--- YOUR ASSIGNMENT ---
The lines from the one containing "Presentation with kitchen" through the last one in the data: please copy those exactly, and only those, without the pictures.

::: ENTRIES SUPPLIED :::

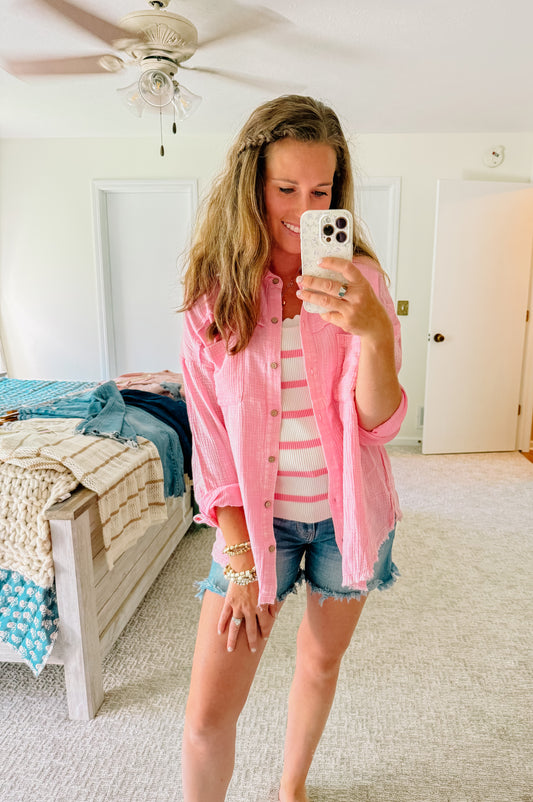 Windswept Gauze Button Down Top (S-3X)
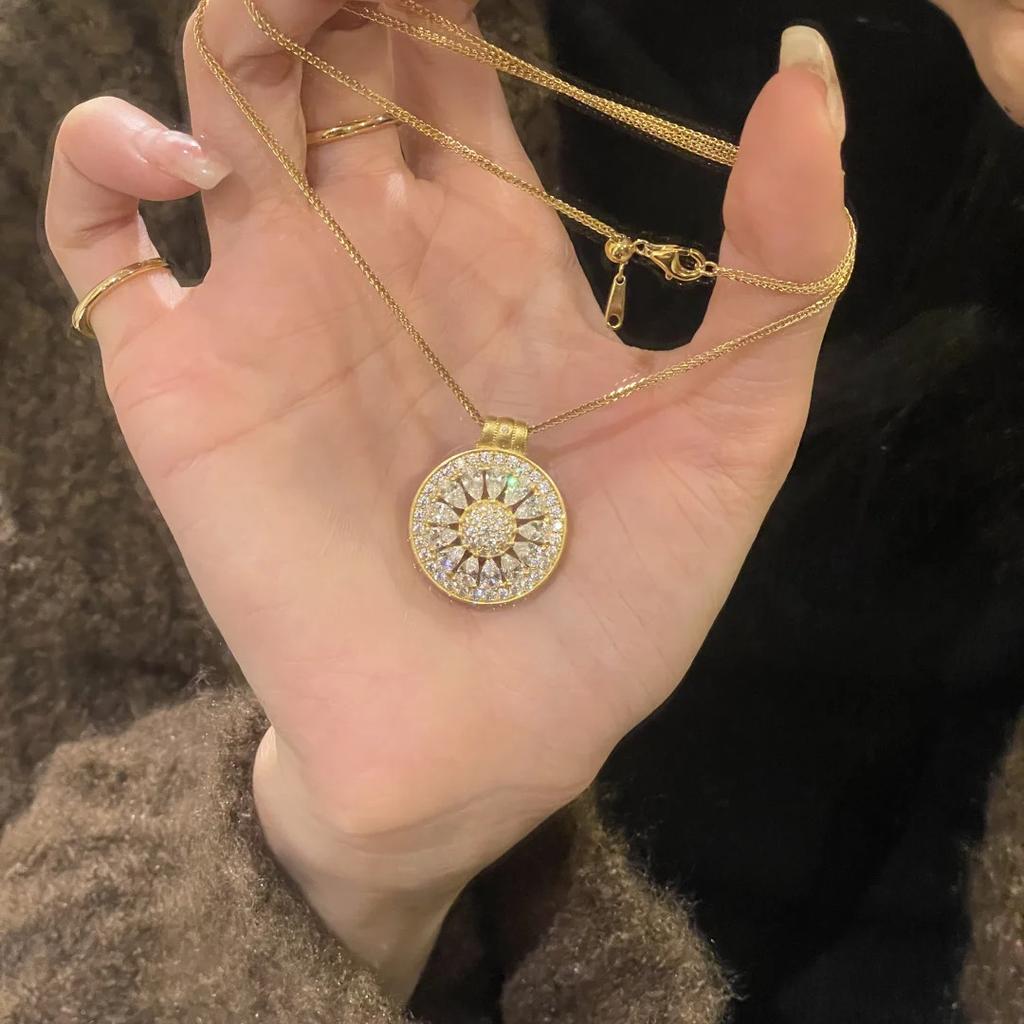 Women Light‑Luxury Necklace, New Chinese Style Full Diamond Double‑Sided Hollow Brushed Forged Compass Lemon Slice Pendant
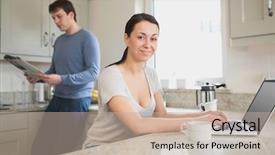  Presentation with kitchen - Beautiful theme featuring computer screen house - two people in the kitchen backdrop and a  colored foreground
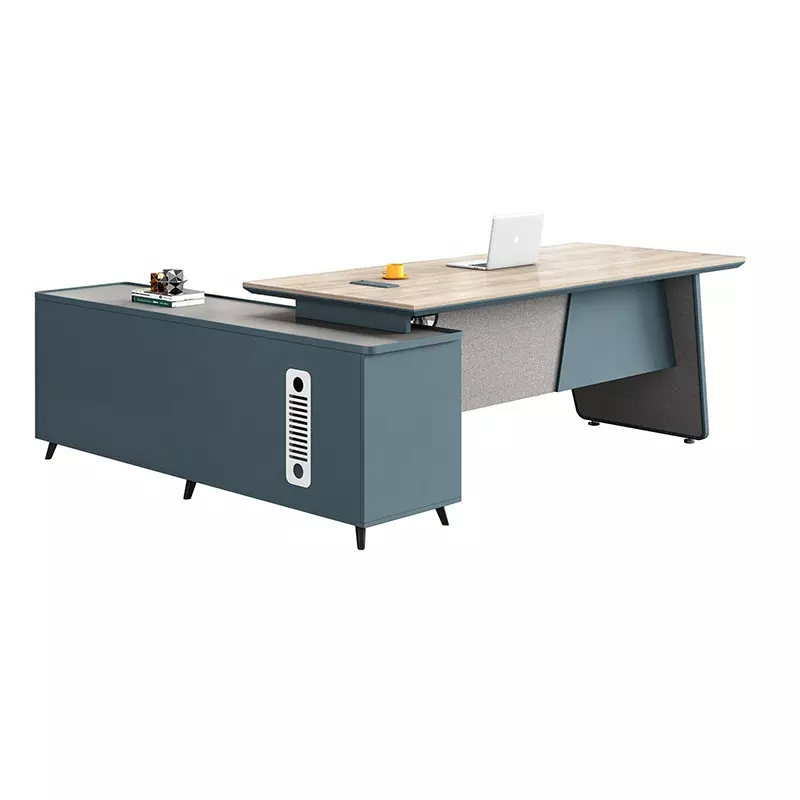 Modern English Office Furniture Computer Table 12400 table de bureau Drawer Manager Executive Office Desk With Side Table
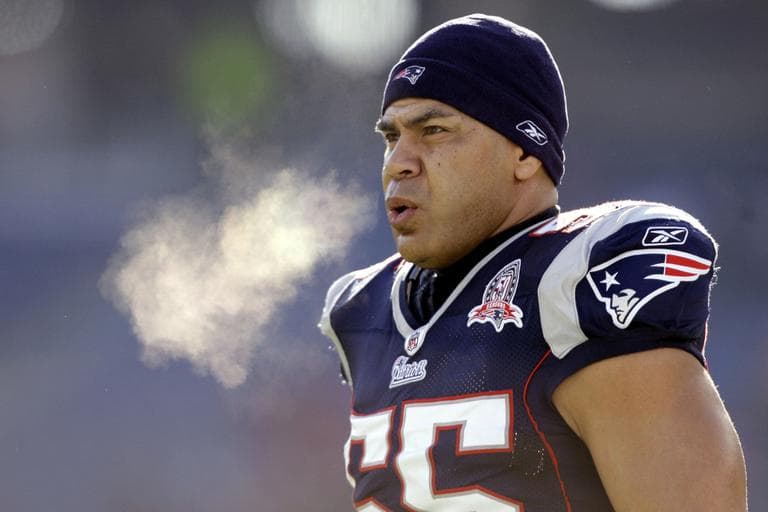 Results of an NIH study of Junior Seau’s brain revealed abnormalities consistent with chronic traumatic encephalopathy or CTE. Seau committed suicide last May. Here, in 2010, Seau warms up before a NFL wild-card playoff football game in Foxborough, (Charles Krupa/AP)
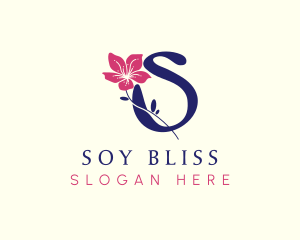 Botanical Nature Flower Letter S logo design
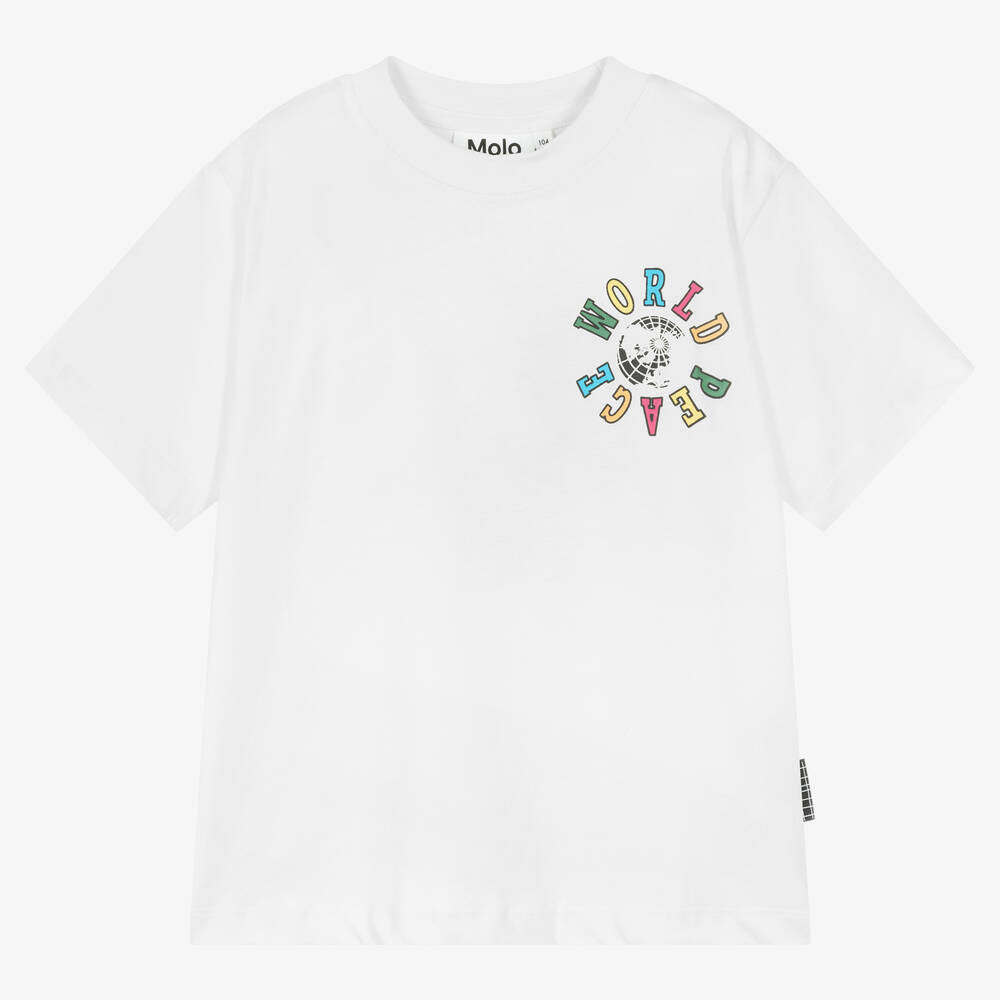 Molo - Boys White Cotton World Peace T-Shirt | Childrensalon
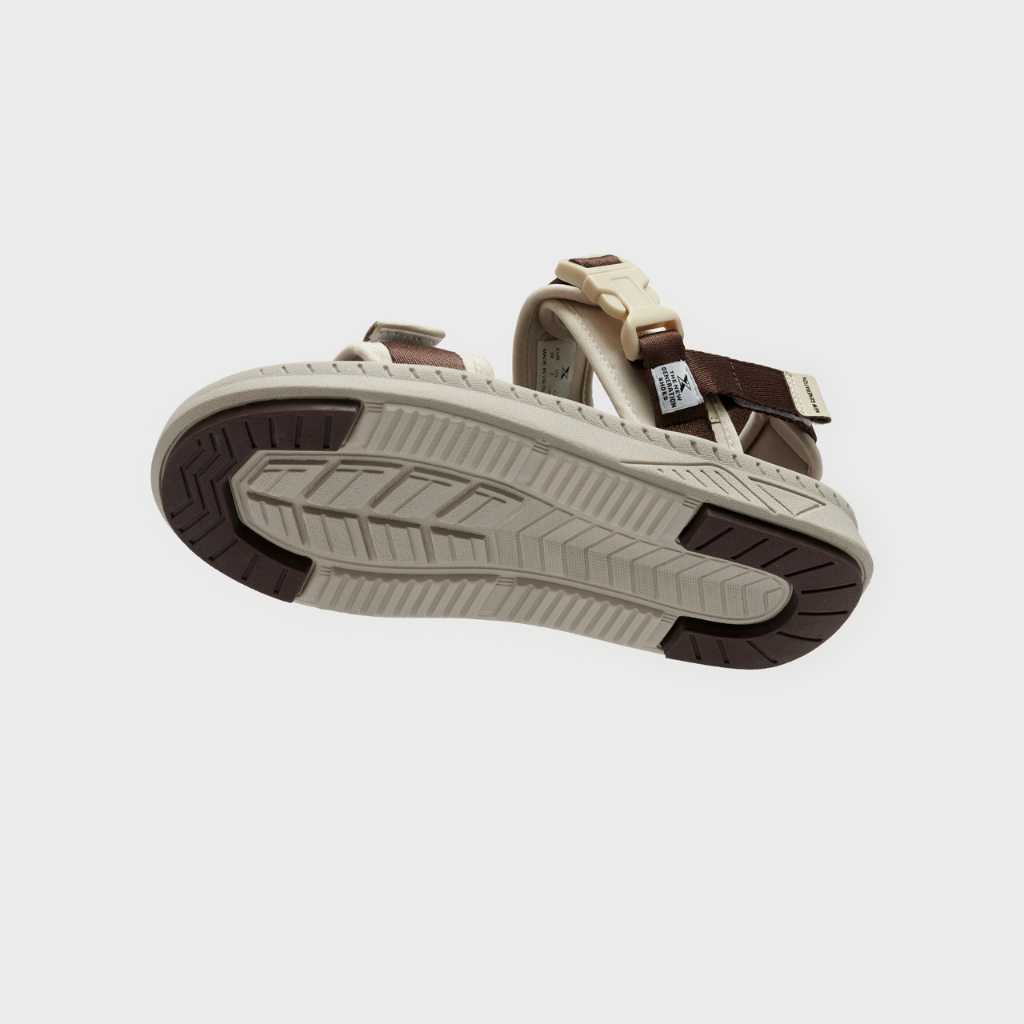 Giày Sandal Unisex ZX 2714 quai ngang Streetstyle màu Coffee Cream, Green Cream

:::

--- REPLY ---
  Presentation with kitchen - Beautiful theme featuring computer screen house - two people in the kitchen backdrop and a  colored foreground
 Modern English Office Furniture Computer Table 12400 table de bureau Drawer Manager Executive Office Desk With Side Table
 Results of an NIH study of Junior Seau’s brain revealed abnormalities consistent with chronic traumatic encephalopathy or CTE. Seau committed suicide last May. Here, in 2010, Seau warms up before a NFL wild-card playoff football game in Foxborough, (Charles Krupa/AP)
 Botanical Nature Flower Letter S logo design
 Molo - Boys White Cotton World Peace T-Shirt | Childrensalon
 Giày Sandal Unisex ZX 2714 quai ngang Streetstyle màu Coffee Cream, Green Cream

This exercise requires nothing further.